Journalism vs. technology

February 28, 2008 | 3:43 p.m. CST

The year is 2014. News organizations are a thing of the past. Anyone on the street could be considered a journalist, and believe it or not, Googlezon is a real word.

If you’ve seen Epic 2014, a Flash movie released online in 2004, these words probably sound familiar. The movie is a fictional account beginning with the invention of the Internet in 1989 projecting to the year 2014 when the distribution of news is completely changed and the role of journalists is lost. These are just a few of the predictions that Robin Sloan and Matt Thompson made when creating Epic 2014, which they dreamed up based on their own conversations about the troubled future of news organizations that face an increasing demand for online news.

Among the movie’s predictions are the fusion of online giants such as Google with Amazon and Microsoft with Friendster. These cyberspace powerhouses create new ways of reading the news, in which the user has much more control over the content he or she consumes. The final product is EPIC — the Evolving Personalized Information Construct — which not only caters to the interests of individual users but also allows them to take on the role of a reporter and place information on the system for all to see. The information is then individually packaged and specifically tailored to the user’s interests. The catch? The entire process is done without lifting a single journalistically trained finger. Instead, it is all done by a computer program.

Jeanne Meyer, managing editor for multimedia at the Kansas City Star says that Epic 2014 makes both encouraging and alarming predictions.

“Some prospects are a real concern,” she says. These concerns range from computers mixing facts from multiple stories to cater to personal preferences to the grim prospect that ethically and professionally gathered news might not have a financial foundation.

The threat of online dominance is nothing new in the minds of journalists, especially as more and more newspapers are taking their news online in the interests of their readers. According to the Pew Research Center, only one in 50 people got their news online a decade ago. Today, one in three regularly get news online.

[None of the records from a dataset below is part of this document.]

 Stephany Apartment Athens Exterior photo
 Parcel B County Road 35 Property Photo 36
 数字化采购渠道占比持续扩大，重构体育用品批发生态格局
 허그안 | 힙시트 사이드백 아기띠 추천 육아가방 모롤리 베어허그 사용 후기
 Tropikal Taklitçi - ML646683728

The Kansas City Star reaches about 1 million people a week through both online and print, though they have seen tremendous growth online in the past year. “There has been an increased number of (online) visitors — about 40 percent — which is amazing growth in one year’s time,” Meyer says.

The movie predicts an eventual backlash against the exodus to online when The New York Times goes offline in response to the unethical practices used by EPIC. Embracing past traditions, the newspaper returns to print only, guaranteeing readers that the news they read in black and white is the work of trusted journalists, not a computer.

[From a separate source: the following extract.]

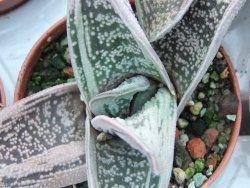 Gasteria Little Warty pot 5,5 cm - 12385125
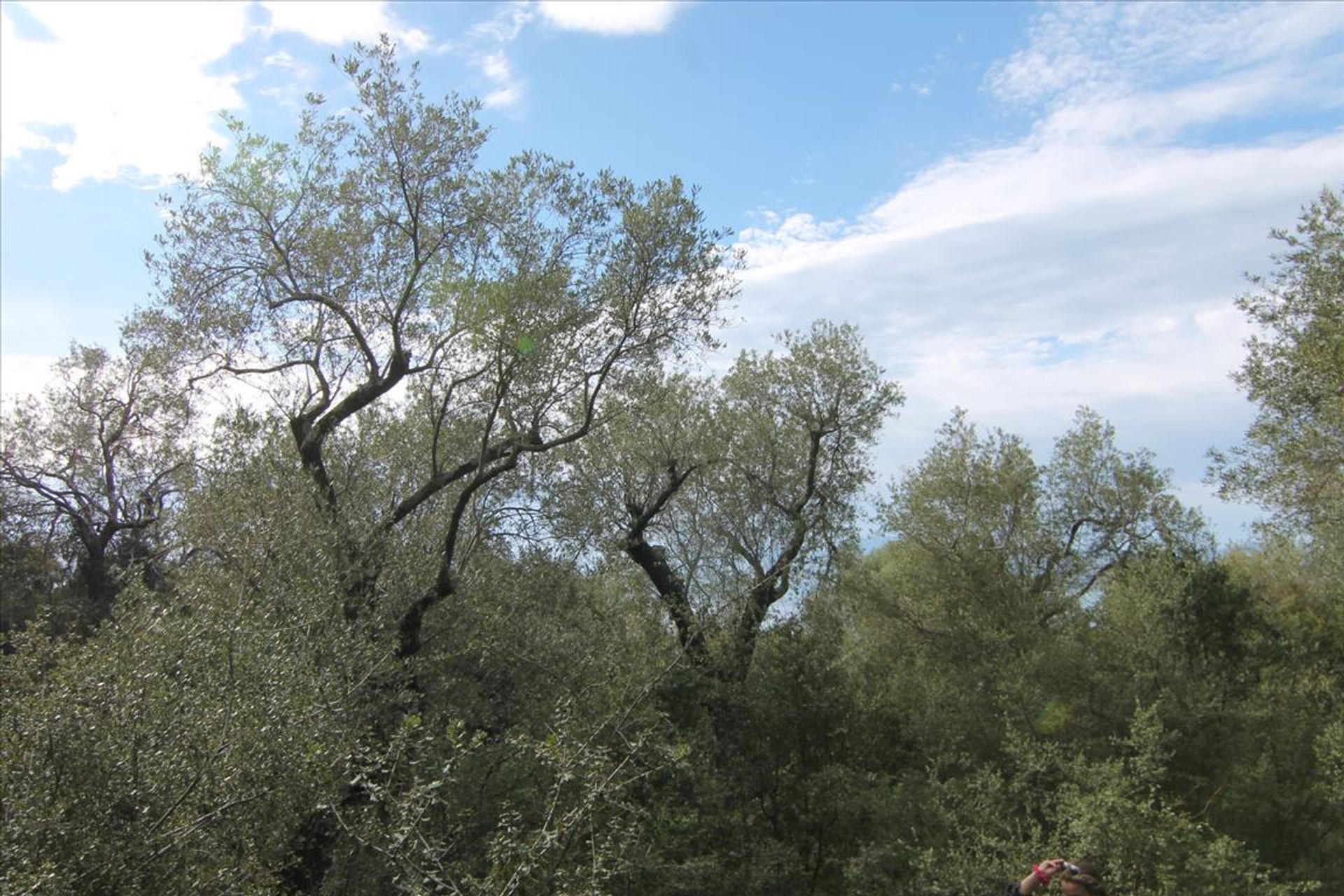 Земельные участки в Ypsos, Ionia Nisia 10802493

“A worry for all of news is larger than a worry for print,” says Tom Warhover, executive editor of innovation at the Columbia Missourian. “It’s that advertising is no longer dependent on news. The symbiotic relationship is disappearing. That’s what you should worry about.”

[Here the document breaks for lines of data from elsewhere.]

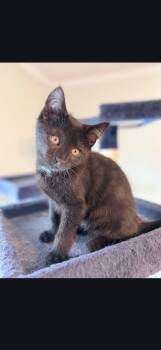 Domestic Short Hair Cats Available for Adoption - Laszlo | PetCurious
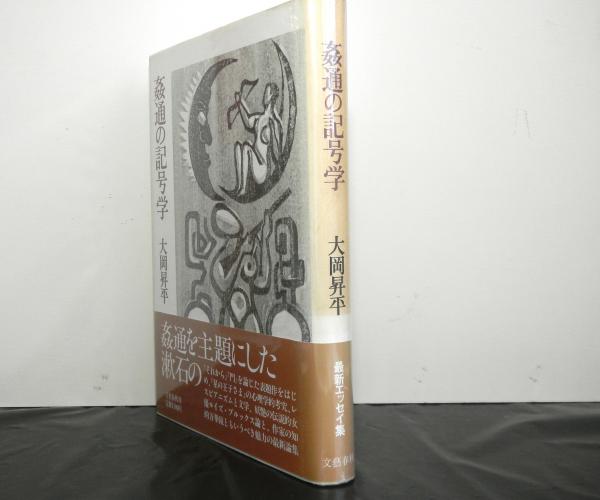 乱流現象の科学: その解明と制御 | 巽 友正 |本 | 通販 | Amazon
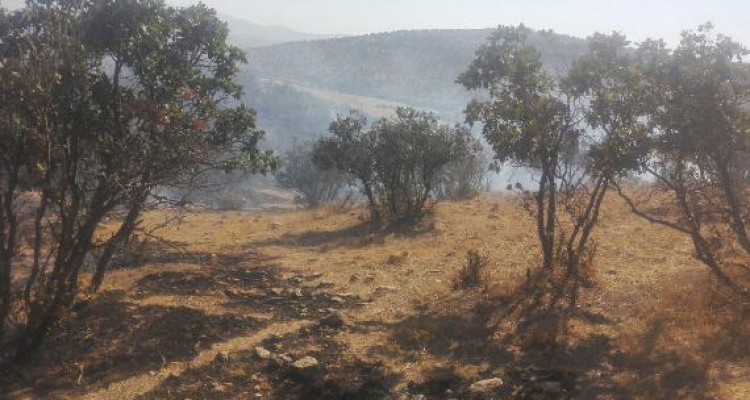 مهار آتش سوزی در جنگل های شمالی اسلام آبادغرب/سوختن نیم هکتار از مراتع و جنگلهای روستای بره سیله+عکس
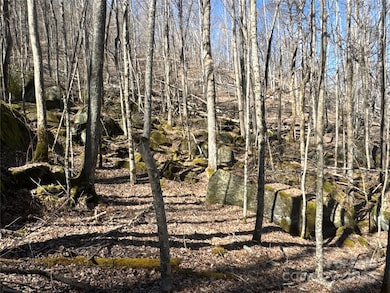 00 Beech Thicket Springs Rd unit 41, Bakersville, NC 28705 - photo 7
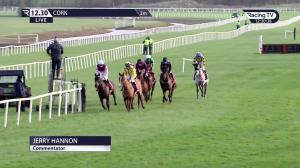 Video preview image for Cork 12:30 - Come Racing To Cork Rated Novice Hurdle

The reality of Epic 2014 is that some of its predictions have already come true. There is a constant movement of everything in daily life to the Web. Social networking sites such as Facebook and Myspace continue to attract a wide range of users, particularly younger generations. But perhaps the most striking similarity of all came when Google bought YouTube in 2006.

Meyer, like most members of news organizations, acknowledges that there is a change in the method of news delivery. “Technology makes it easier to have news on demand,” she says. “The method of getting information will change, but it’s hard to predict how. The users will lead that.”

Meyer remains optimistic about the future of news organizations. Even amid the obvious trend to be all-online all the time, her allegiance lies with the traditional press.

“I trust that even with endless information available, people are going to look for information that they trust,” she says. “If today’s news organizations can meet those needs and evolve to meet those needs on whatever platform users want, they’ll find a future.”